My tentative conclusion: because not all scribes consistently followed the "terminal interdental to be represented by ð" rule, the correlation between τ and θ is actually useful data. Instead of simply invalidating θ, the correlation--and its absence--tells you something about the copying history of the text. My hunch is that it's the later scribes who produce segments with closely correlated τ and θ, so when we don't see the correlation, we can hypothesize that we're looking at a text that was written and copied earlier and so in which the inertia of the earlier forms is influencing that final copy.
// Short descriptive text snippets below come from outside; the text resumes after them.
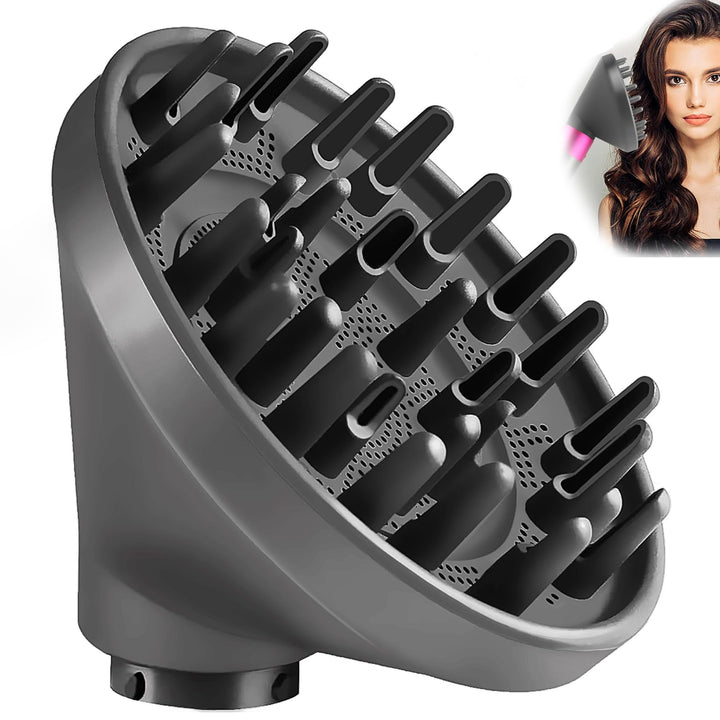 DianSung Diffusor Aufsätze für Dyson Airwrap Styler HS05 HS01, umwandelbar für Airwrap Styler in Haa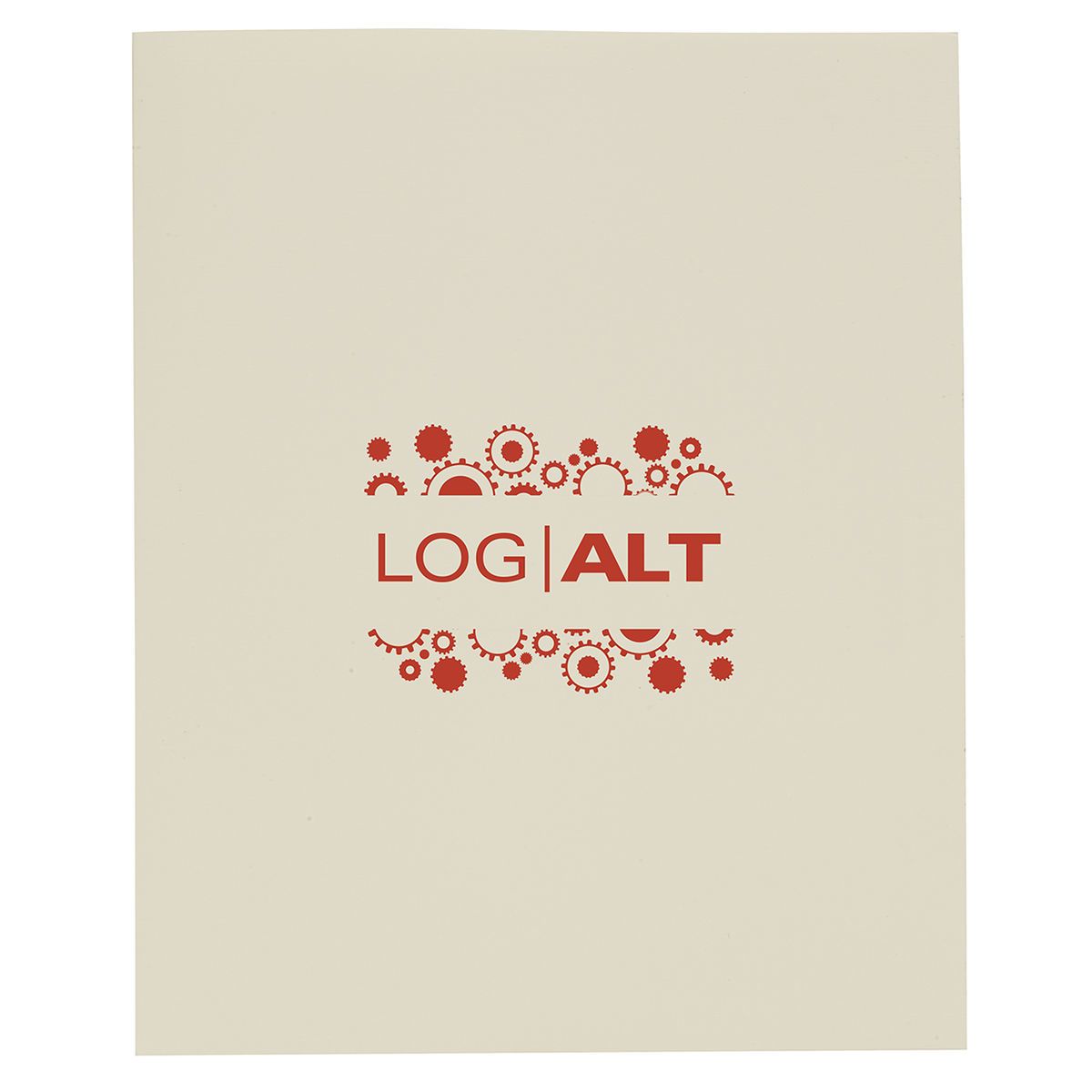 Good Value™ Linen Paper Folder
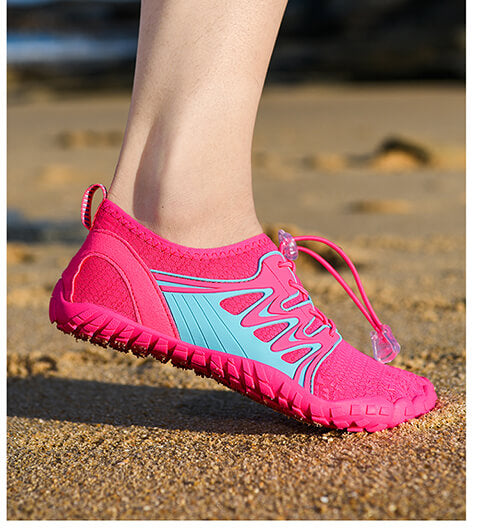 Zapatos de agua para hombre y mujer, de secado rápido, descalzos, para nadar, bucear, surfear, deportes acuáticos, piscina, playa, caminar, yoga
But my worry is that a rolling Pearson's correlation coefficient is somehow statistically or mathematically illegitimate. You've got two rolling ratios (τ and θ), each of which over-samples many of the same data points (because the same point is going to influence multiple windows) and then you're doing the same kind of rolling comparison with over-sampling with the relatively complex Pearson formula.  I'm worried that my lack of mathematical and statistical sophistication has led me to miss something that should cancel out something else. Unfortunately, it is finals week, so I can't meet with my friend and co-author the statistician for a while at least, so I just have to live with being both excited at a potential discovery and worried that at any moment the intellectual floor is going to collapse out from under it.